UPPER EAST SIDE — Imagine if New York City was completely transformed into an eco-friendly paradise with rooftops dotted with wind turbines, greenhouses and solar panels and building facades outfitted with energy-efficient insulation and special shade structures over windows.

The Bloomberg administration hopes to promote these types of projects under a new zoning amendment, which was the subject of a City Planning Commission public hearing Wednesday. It would lift previous constraints to allow for the construction and retrofitting of green buildings.

But some preservationist-minded residents on the Upper East Side fear that the proposed changes could mar the character of their neighborhood.

"I'm all for the environment," Elizabeth Ashby, a member of Community Board 8, said at a recent City Planning presentation of the "zone green" text amendment. "But I'm worried this is a license to create an eyesore."

Many expressed concern over the possibility of wind turbines, which would be allowed to rise 55 feet above rooftops on buildings taller than 100 feet, as long as they are set back at least 10 feet from the property line.

"What about the noise?" asked Community Board 8 member Michele Birnbaum. "That's such a visual blight."

It’s unlikely that the historic townhouse-lined blocks of the Upper East Side would become havens for wind turbines. City officials said that landmark rules would still apply, which means that any applications in those swaths would have to pass muster from the Landmarks Preservation Commission.

City officials noted that wind energy makes the most sense where the winds are consistent, which tends to be on taller buildings and nearer the waterfront.

The Department of Environmental Protection will be seeking bids to build the city’s first major wind project for turbines atop the Fresh Kills landfill-turned-park on Staten Island. An application by a New York Power Authority-led coalition is pending for an offshore wind farm, too, to be sited 13 miles off the coast of the Rockaways in Queens, according to the New York Times.

Still, some Upper East Siders expressed concern about "unintended consequences" of the proposed zoning changes.

Several residents were galled by the prospect of buildings being allowed to alter their facades by adding up to eight inches of external insulation to them and thought that horizontal or vertical projections for shade structures — such as the rods over the windows at the New York Times building on Eighth Avenue — would be an unwelcome addition to their streets.
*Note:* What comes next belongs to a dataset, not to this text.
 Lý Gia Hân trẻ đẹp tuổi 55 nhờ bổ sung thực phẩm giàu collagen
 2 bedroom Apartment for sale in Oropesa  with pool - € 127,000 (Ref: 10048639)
“It’s going to open a Pandora’s box,” said Community Board 8 member Teri Slater.

While the zoning would not allow for rooftop greenhouses to be used as living spaces, some fear these structures could be used not just for local food production but perhaps as party spaces or other uses.

Preservationists were not opposed to the legislation's goals, but found it "incomplete," said Simeon Bankoff of the Historic Districts Council.
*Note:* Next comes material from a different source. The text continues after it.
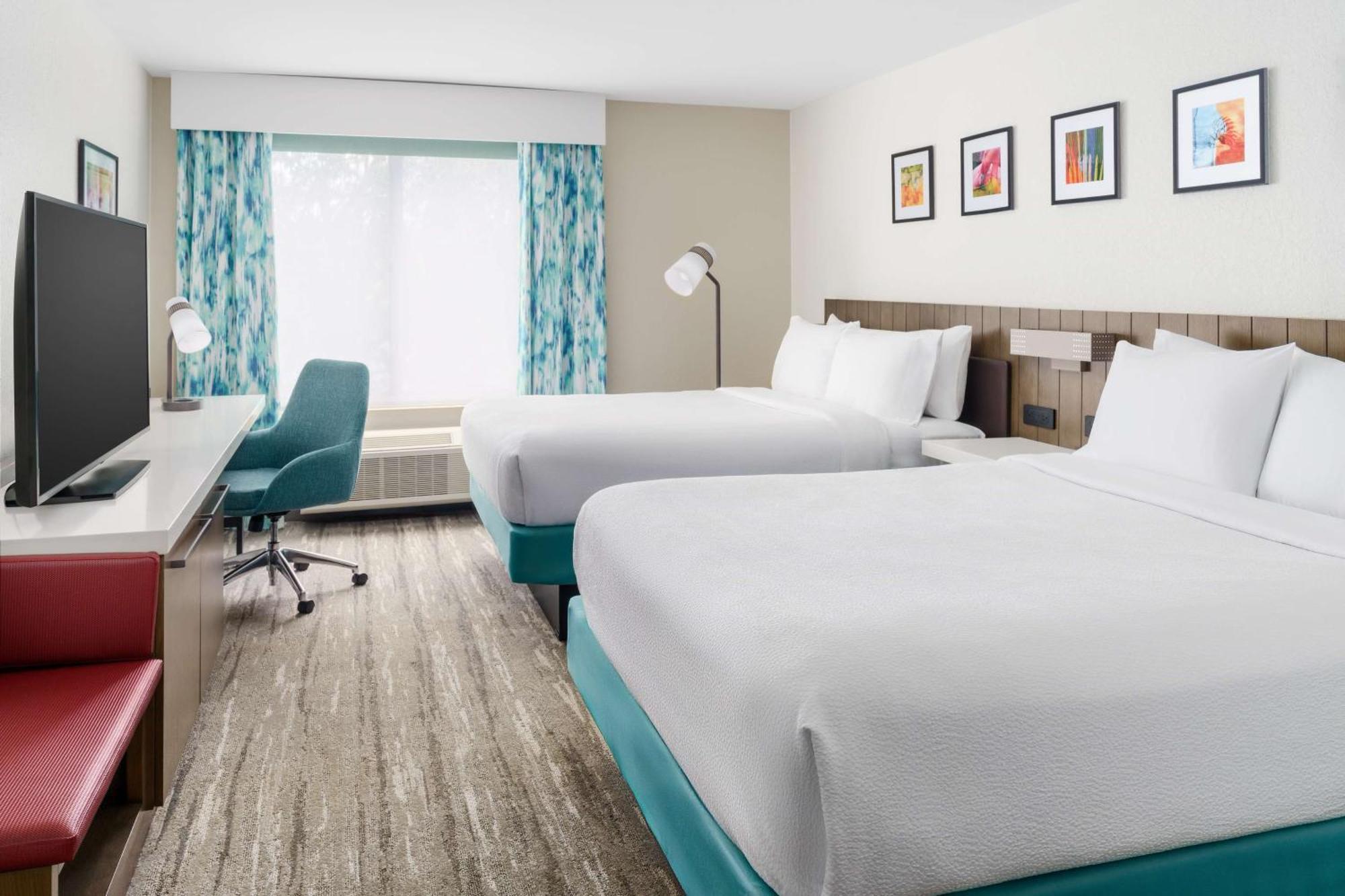 Hilton Garden Mary Hotel 3*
"To look at 'green' only from the perspective of zoning is not helpful to homeowners who want to do the right thing, but don’t know where to begin," Bankoff wrote in testimony he expected to submit at Wednesday's hearing. "It leaves them vulnerable to sales pitches for exterior-insulation-finish systems and photo-voltaic panels, when those products are unlikely to produce significant energy savings, yet are likely to have a great and negative visual impact on neighborhood character."
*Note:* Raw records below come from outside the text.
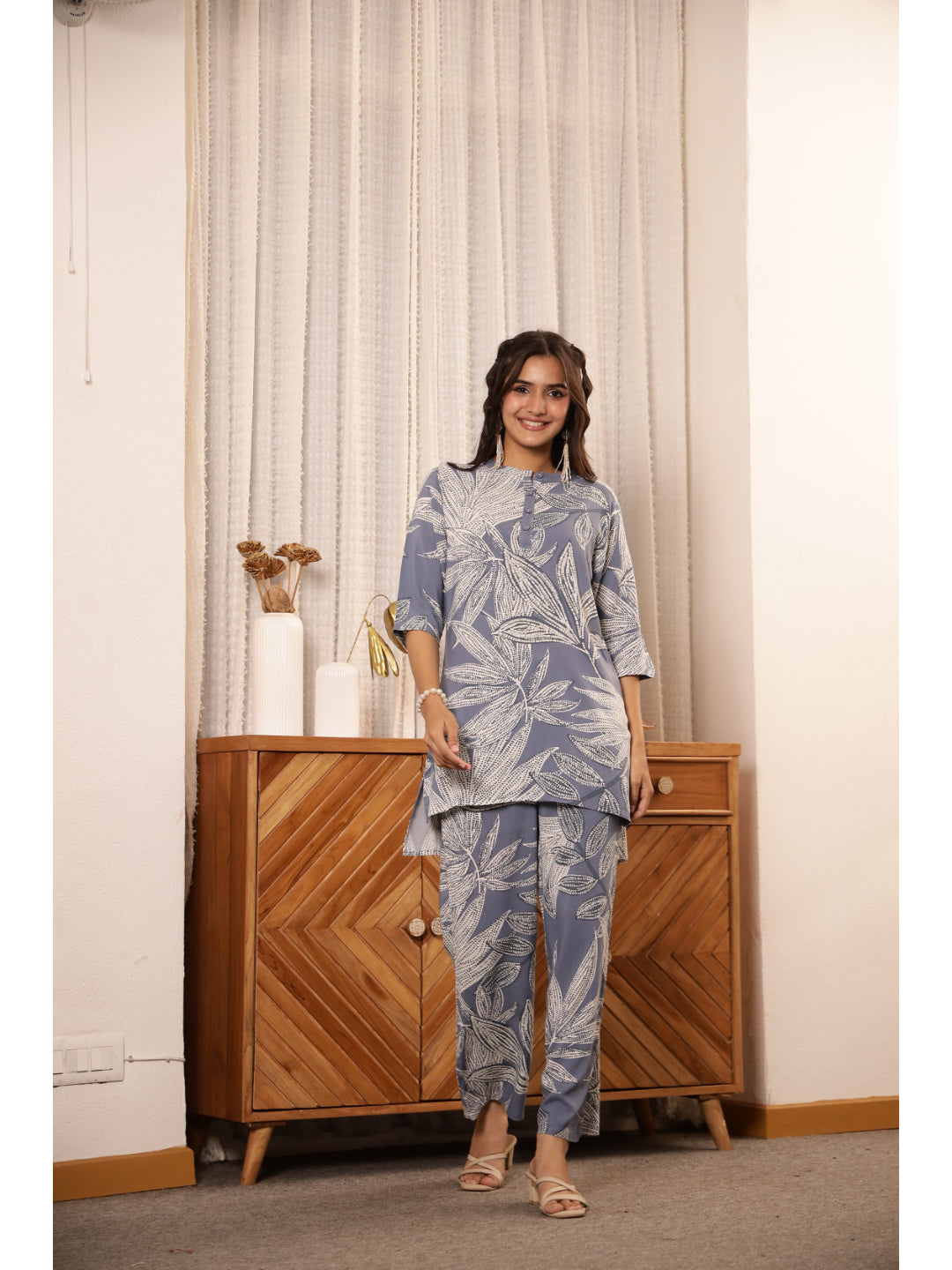 Grey Floral Three-Quarter Sleeves Kurta & Palazzo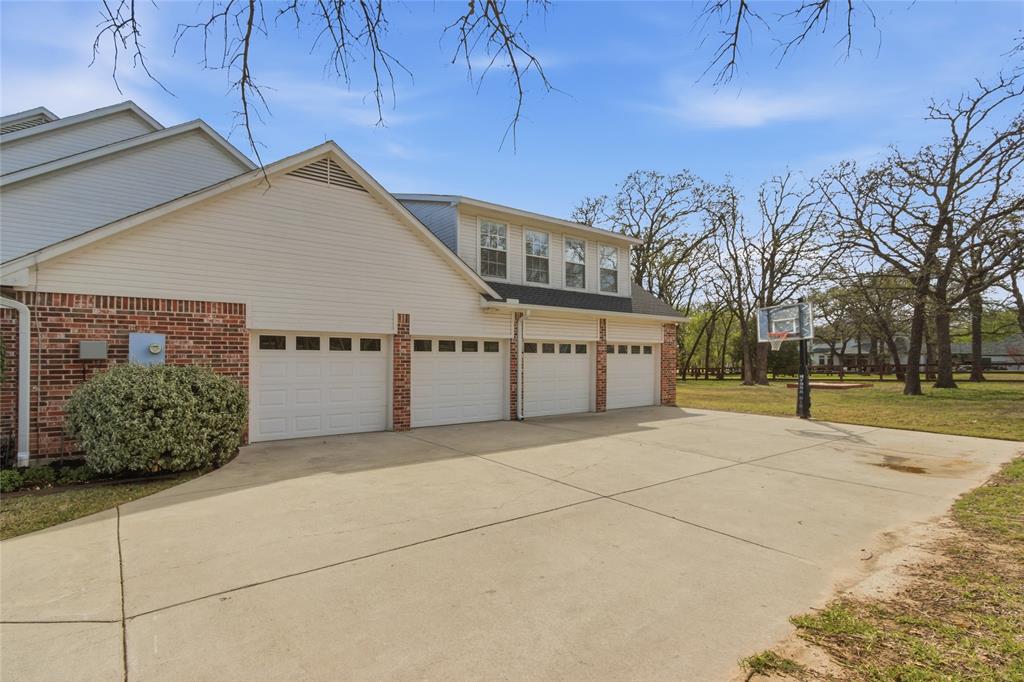 Hickory Hill Estate - Residential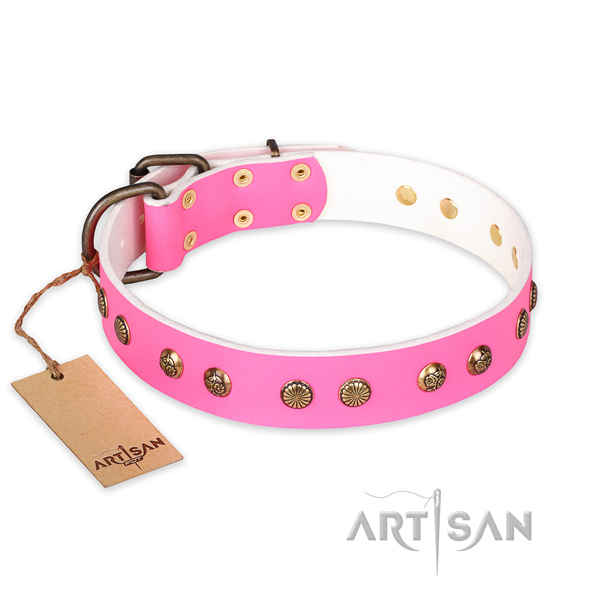 Easy wearing leather dog collar with corrosion resistant D-ring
Bankoff wanted applications for green projects under the new zoning amendment to require community board review.

The Bloomberg administration views the zoning amendment as a job generator and money saver for New Yorkers, estimating the changes could result in up to $800 million in potential yearly energy savings.  After reviewing the testimony, City Planning hopes the zoning amendment will head to City Council for a vote in time for Earth Day on April 22.

Despite concerns of several Community Board 8 members, the board ultimately voted to support the city’s zoning amendment.

"If we save energy for some buildings, we save it for all of us," Community Board 8 member and architect David Helpern told his colleagues.